A workflow for handwritten text recognition (HTR) of weather records. The presented workflow provides a set of end to end instructions to follow in order to automatically transcribe your weather records using machine learning.
Caution
This python package is a consolidation of previously dispersed proof-of-concept script components written across years. Although consolidated, gaps in documentation and usability considerations still exist. For example, paths are not always validated and arguments might not have defaults. Read the below documentation carefully before proceeding. The software is provided AS IS and no responsibility is taken in the event of data loss.
Vast amounts of historical weather records remain archived and unexplored. Despite advances in the recognition of (handwritten) text in general the case of tabulated weather data remains challenging. The data is exact, provides limited contextual clues and errors propagate due to easy misinterpretation of table layouts due to messy formats, deterioration of paper and other factors. Retaining context is therefore key to quality assurance of the data retained within these weather records.

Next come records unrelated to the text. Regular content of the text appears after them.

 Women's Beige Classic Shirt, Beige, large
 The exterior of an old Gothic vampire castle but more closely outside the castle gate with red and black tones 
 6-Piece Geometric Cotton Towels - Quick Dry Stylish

Although machine learning (ML) layout detection presents itself as feasible part of a transcription workflow a template matching approach is given priority. Layout matching with a good accuracy (90%) on vast numbers of records could still corrupt large amounts of data which would be need to be filtered (detected) post-hoc, due to its unsupervised nature.
The template matching methods requires more up-front work, but flags poor template matches earlier in the processing chain making it easier to detect errors and screen for quality. Faulty layout detection can be partial, where only a part of the table is found, making absolute classifications of faulty or correct data hard.

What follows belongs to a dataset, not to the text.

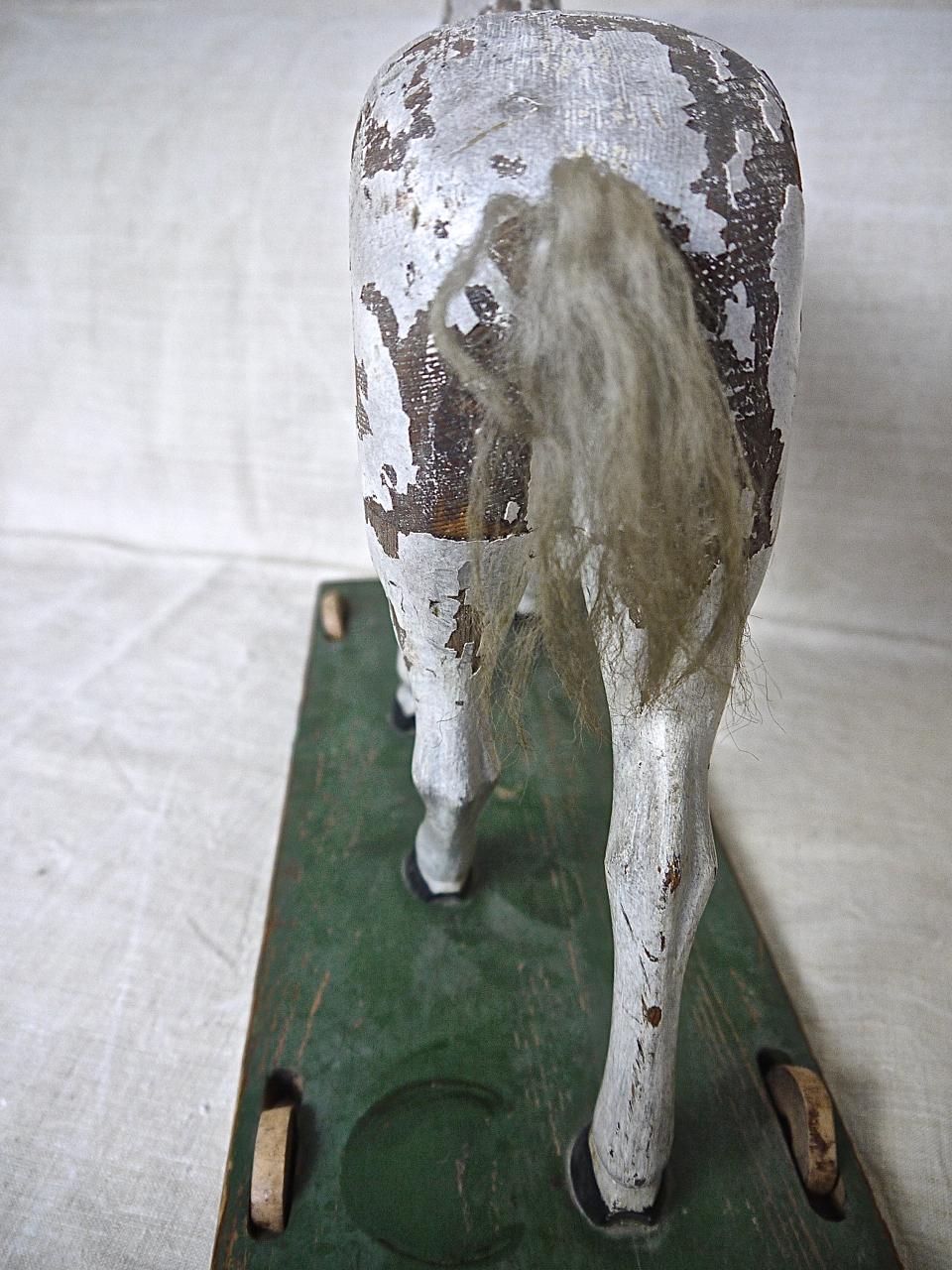  Painted Toy Wooden Horse on Wheels, Swedish 19th Century For Sale 1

Furthermore, the law of large numbers makes small error rates affect a significant amount of data. Partial matches and shifts in both columns or rows of a table also propagate throughout the chronological order of the remaining data. Unlike text data, where contextual clues can allow for meaningful re-orderning of sentences the nature of numeric data is such that the encoding of the position within a table must be absolute. Therefore, a preference is given to a semi-supervised template matching and table detection workflow.
Transcription models can be flexibly deployed, where the default model is trained upon thousands of handwritten table entries from the COBECORE project where either the Transformer based TrOCR model or Tesseract is used.
Clone the package to your local directory.
git clone https://github.com/bluegreen-labs/weahtr.git
The Dockerfile included provides a (GPU) torch setup. You can build this docker image using the below command. This will download the NVIDIA CUDA drivers for GPU support, the tidyverse, rstudio IDE and quarto publishing environment. Note that this setup will require some time to build given the the large downloads involved. Once build locally no further downloads will be required.
docker build -f Dockerfile -t weahtr .
Note
Repeatedly building a docker image can result in a large cache being created easily 10x the data of the image (which in itself is multiple GB in size).
If you find you are running out of storage space out of the blue, check the docker build cache, and prune it.
docker buildx prune -f
Make sure to have interfacing libraries running, when relying on different docker base images.
apt-get install nvidia-container-runtime
To spin up a GPU docker image and drop into the command prompt use in the project directory:
docker run -it --rm --gpus all -v $(pwd):/data weahtr bash
For independent installs using conda
conda env create -f environment.yml
For now no pip
based install is supported. You can install the package
by working in editor mode (if under development), or through a linked pip
install. This works both in a Docker or in normal install, given that requirement
are met. Editing mode also allows you to dynamically change the code. Note that
the package must be available on the mounted Docker volume.
For editor mode use:
pip install -e /path/to/pkg
For a static local install use:
pip install weahtr --no-index --find-links /path/to/pkg
Note
When using a Docker image you will have to install the package in every new session. A final Docker image with the library installed will be available when the package matures.
The workflow consists of six steps:
- Sort your data into particular tabular formats, these should be unique.
- Create empty, reference, template images
You can create black and white version using the algorithm included in the library using the code below.
# import libraries
import glob
from weahtr.utils import *
import cv2
# returns an image cropping any dark borders
# if they exist
image = cv2.imread("your_empty_table.png")
image, _, _ = replace_matte(image)
# binarize (black/white) the data
image = binarize(image)
cv2.imwrite("template.png", image)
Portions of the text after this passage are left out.